William Shakespeare: Dramatiker, Lyriker, Schauspieler, genialer Autor der bedeutendsten, meistaufgeführten und verfilmten Bühnenstücke der Weltliteratur. Ein ganz besonderer Mix aus insgesamt 16 Stücken des elisabethanischen Meisters wurde am 14., 15. Und 16.02. in der Aula des MEG dargeboten. Unter Leitung von Yvonne Kreckel und Gesa Eversmeyer hatte die Theater-AG lange geprobt, Kostüme geschneidert und am Bühnenbild gebastelt, um am Ende ein Stück zu präsentieren, das den Vergleich mit anderen modernen Adaptionen kommerziell betriebener Theater nicht scheuen musste. Wenn das Shakespeare wüsste!

Da ist zunächst das Bühnenbild: Im Halbkreis aufgestellte Bücherregale bilden ein Bücher-Universum, das die ganze Bühne einnimmt. Rund zweitausend Bücher hatte die AG dafür ausgeweidet und in die Regale geklebt, um den Gewichtsbeschränkungen für die Bühne und den Sicherheitsregeln der Schule gerecht zu werden. Der Halbkreis ist eine Hommage an das Globe-Theatre in London.
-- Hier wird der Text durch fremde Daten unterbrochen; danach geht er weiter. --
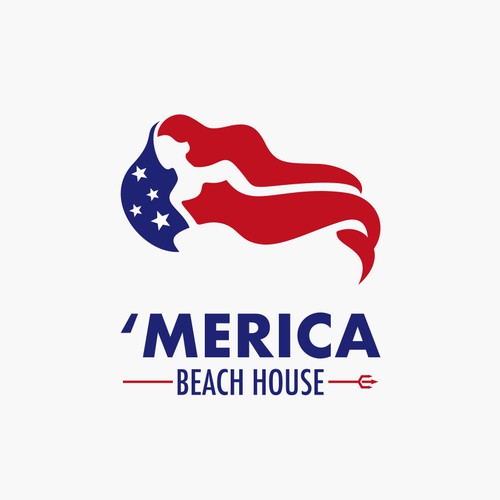 Mermaids & America logo for a beach house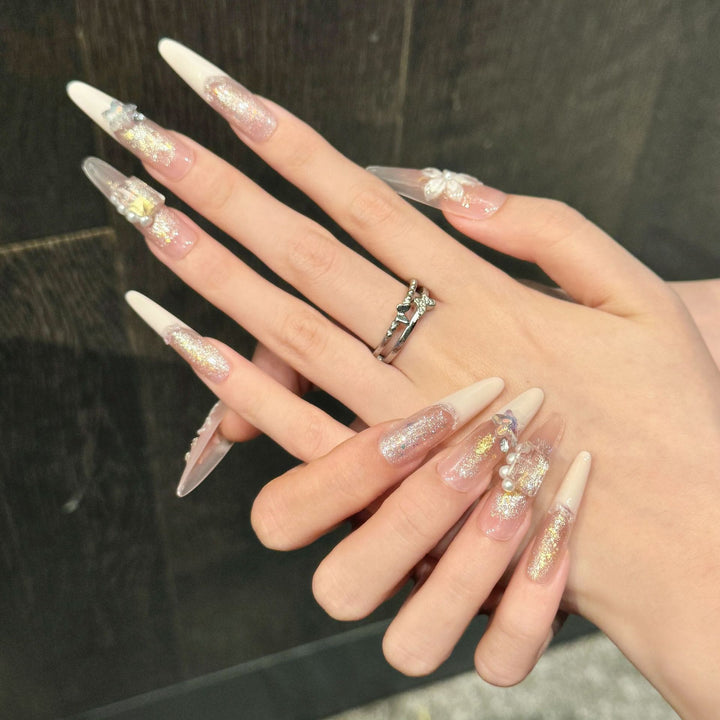 Decorative Press-On Nail Set with Glamorous Pearl and Glitter Accents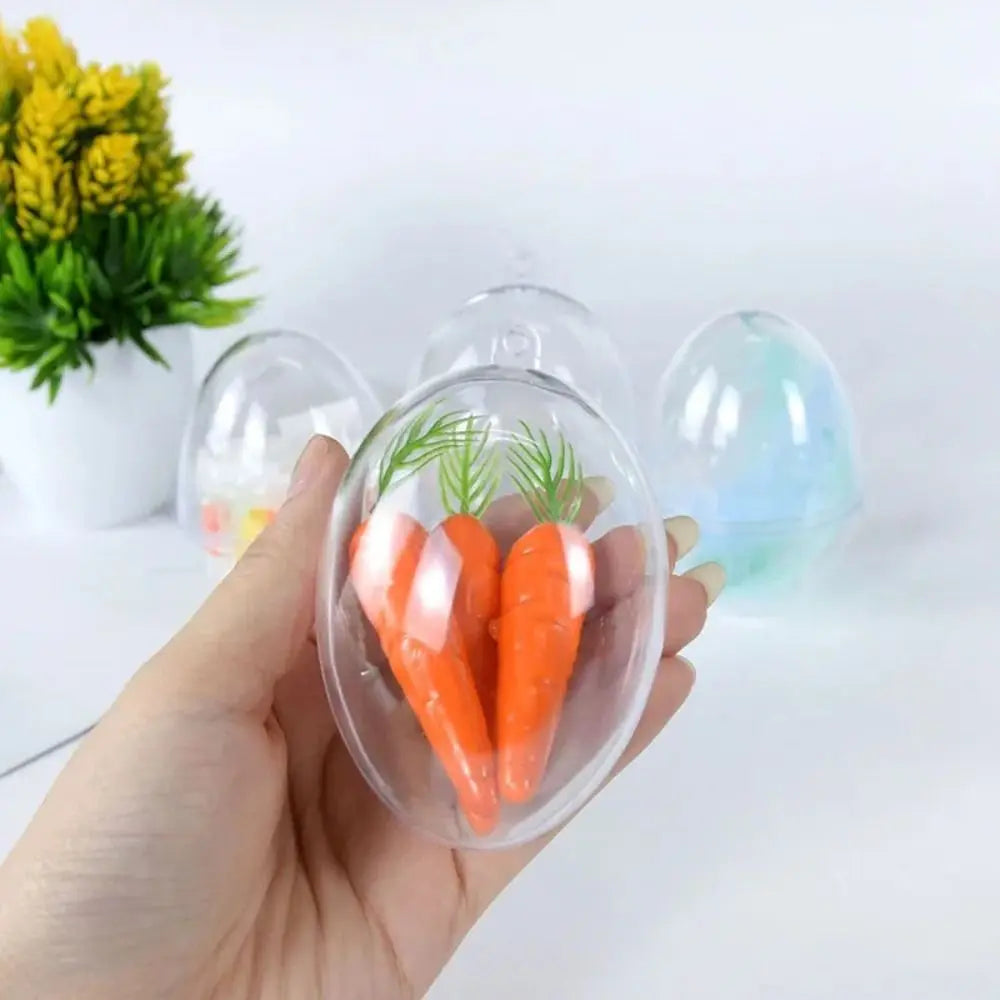 5-Pack Fillable Clear Plastic Easter Eggs – Hanging Party Decor Easter Egg Decorations Axl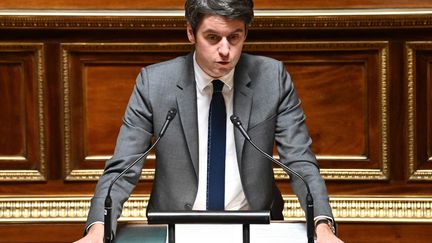 Le Premier ministre, Gabriel Attal, au Sénat, le 31 janvier 2024. (MIGUEL MEDINA / AFP)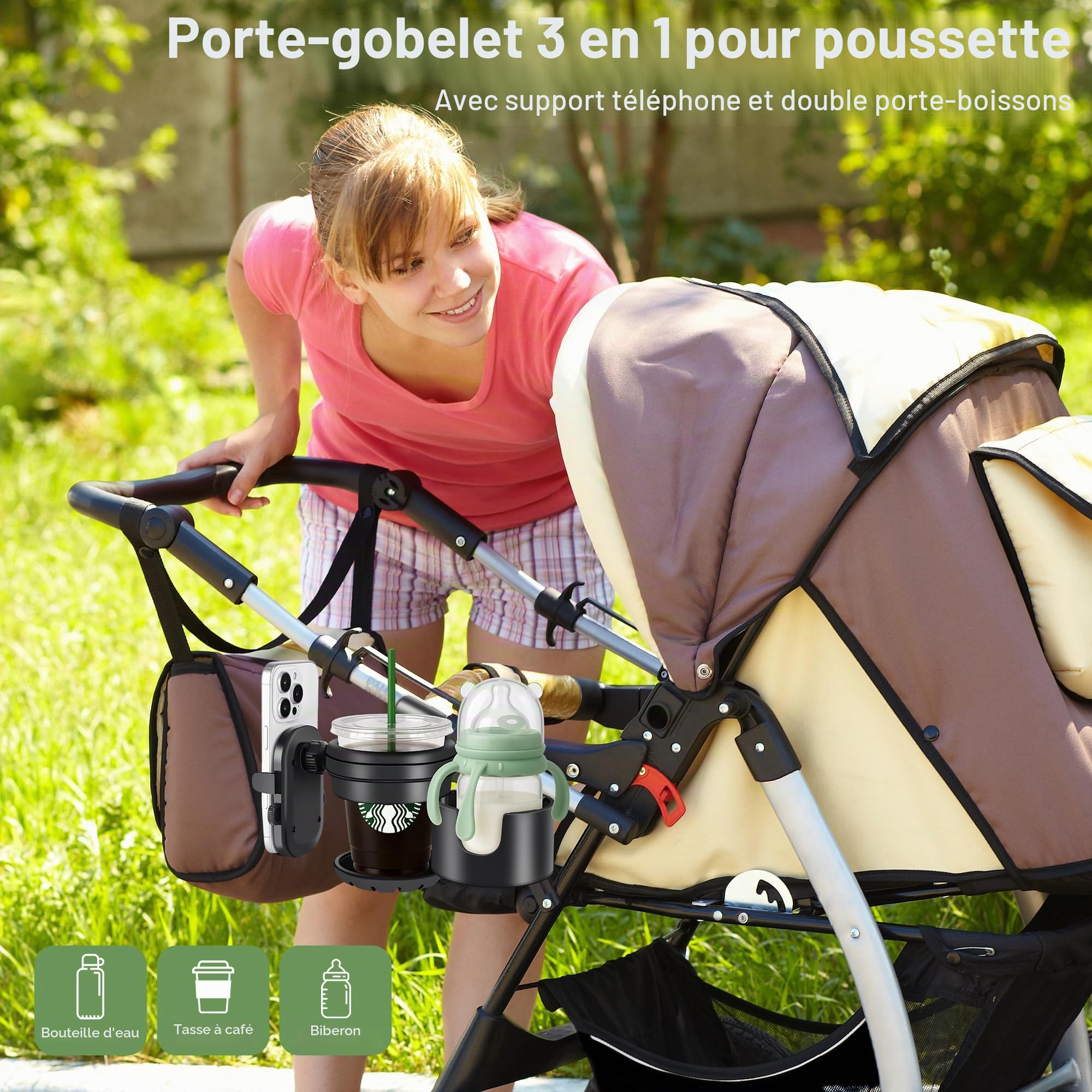 Porte-gobelet Poussette 3 en 1, Porte-biberon Poussette avec Support Téléphone - Porte-gobelet Universel Rotatif à 360° pour Poussette, Vélo, Fauteuil Roulant - Cadeau de Naissance Pratique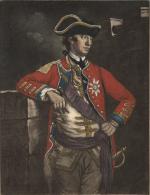 Formal portrait of Sir William Howe, by C. Corbett, in formal military dress.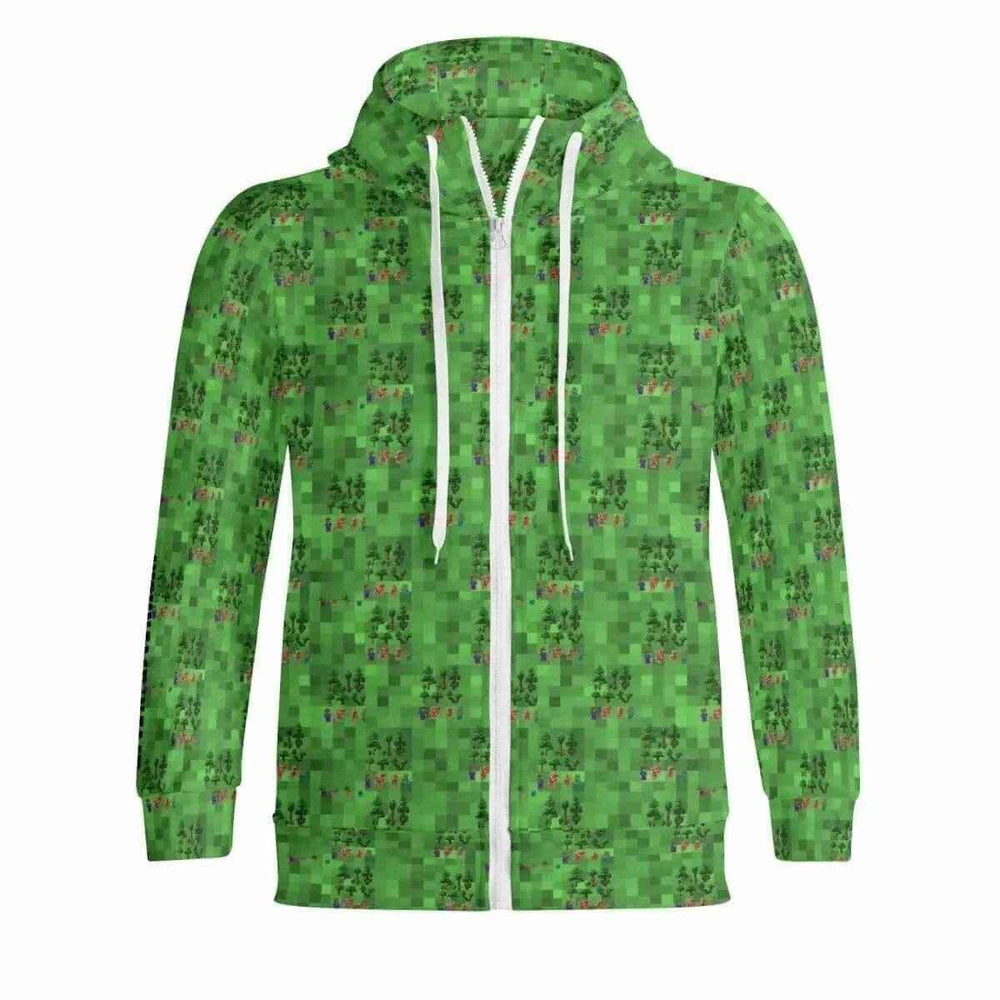 Survival Game Zip Hoodie | Pixel Block World Sweatshirt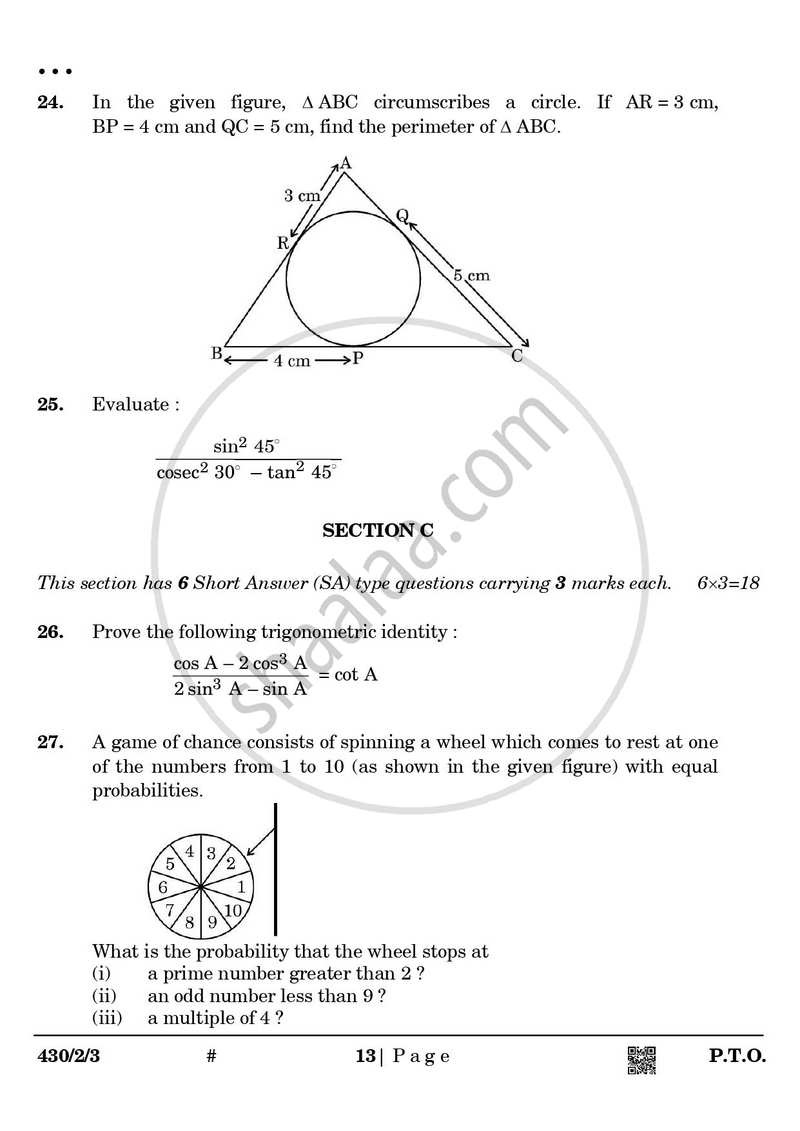 Mathematics 2024-2025 Class 10 - CBSE (Central Board of Secondary Education) question paper with PDF download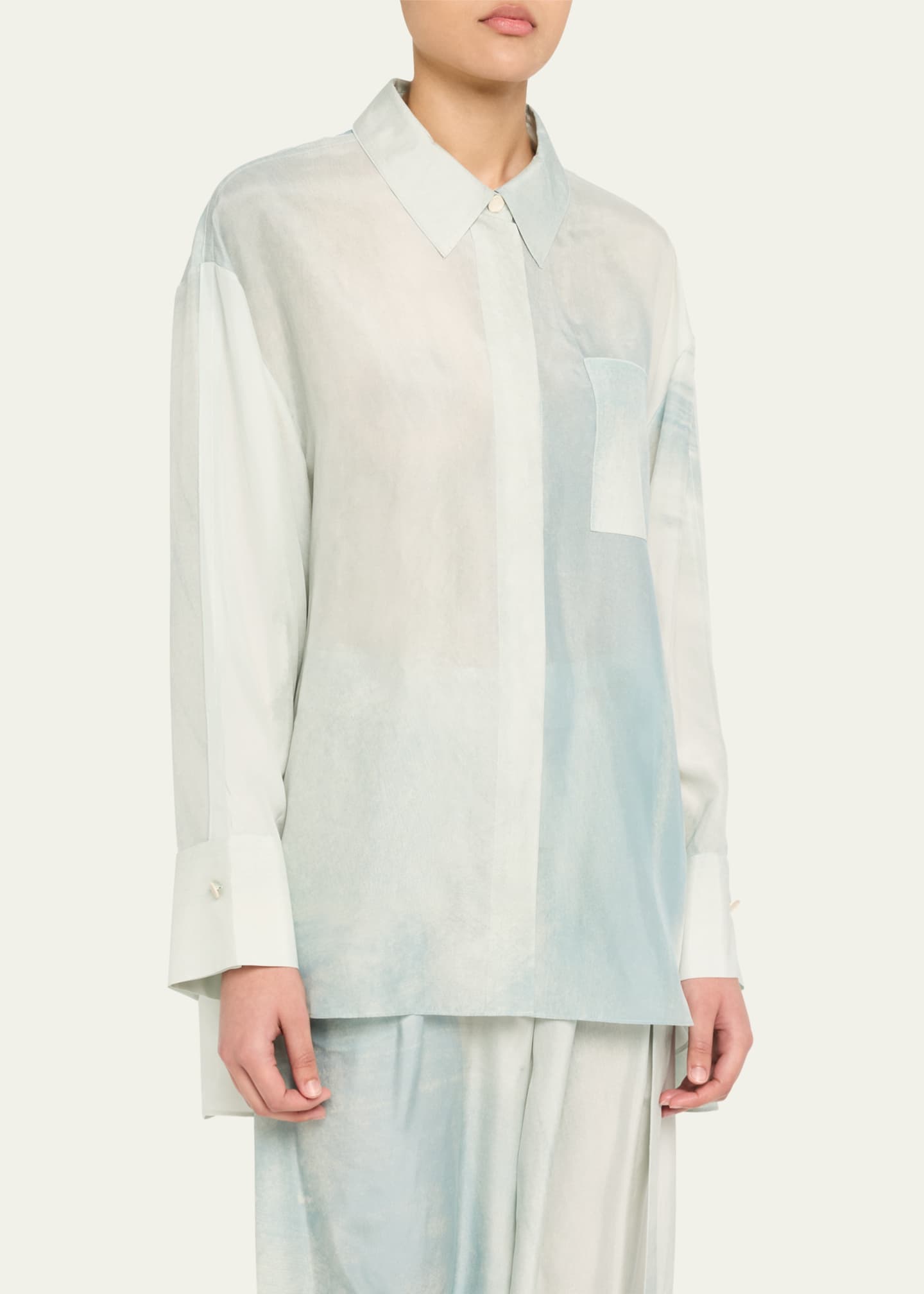 Jason Wu Collection Oversized Button-Up Silk Habotai Shirt Image 4 of 5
Die Bücher erinnern einerseits an die literarische Bedeutung Shakespeares, andererseits sorgen intelligente Lichteffekte für leuchtende Buchrücken und verbinden so – passend zur Interpretation der Darbietungen – die Klassik mit der Moderne.

Wie führt man nun an einem Abend 16 Stücke des Poeten auf? Ganz einfach: Indem man sie transferiert in Unterrichtsstunden, Raps, Gute-Nacht-Geschichten, Gerichtsverhandlungen oder Zeitreisen, einiges davon nochmal untereinander und miteinander vermischt und verbindet, die Schauspieler in teils klassisch, teils hypermodern, teils „assi“ anmutende Kostüme steckt und das Ganze mit Diashows, Rauch-Effekten und einer guten Prise echt beeindruckenden schauspielerischen Talents mischt. Heraus kommt eine erfrischende Mischung von Shakespeare, wie man ihn garantiert noch nie gesehen hat. Wenn das Shakespeare wüsste!

Die Begeisterung des Publikums wurde am Ende im tosenden Applaus hörbar und spürbar. Weder Theater-AG, noch Schulleitung übernahmen am Ende die Verantwortung für einen eventuellen Bildungszuwachs oder eine Überdosis an Eindrücken. Und wenn Shakespeare das wüsste? Er wäre vermutlich begeistert von dem, was Schüler und Lehrer da gemeinsam auf die Beine gestellt haben.  Vielleicht wäre er aber auch „geflasht“  und verängstigt durch die Überdosis an Eindrücken. Gut, dass für diesen Fall auf der Bühne eine Zeitmaschine bereitstand.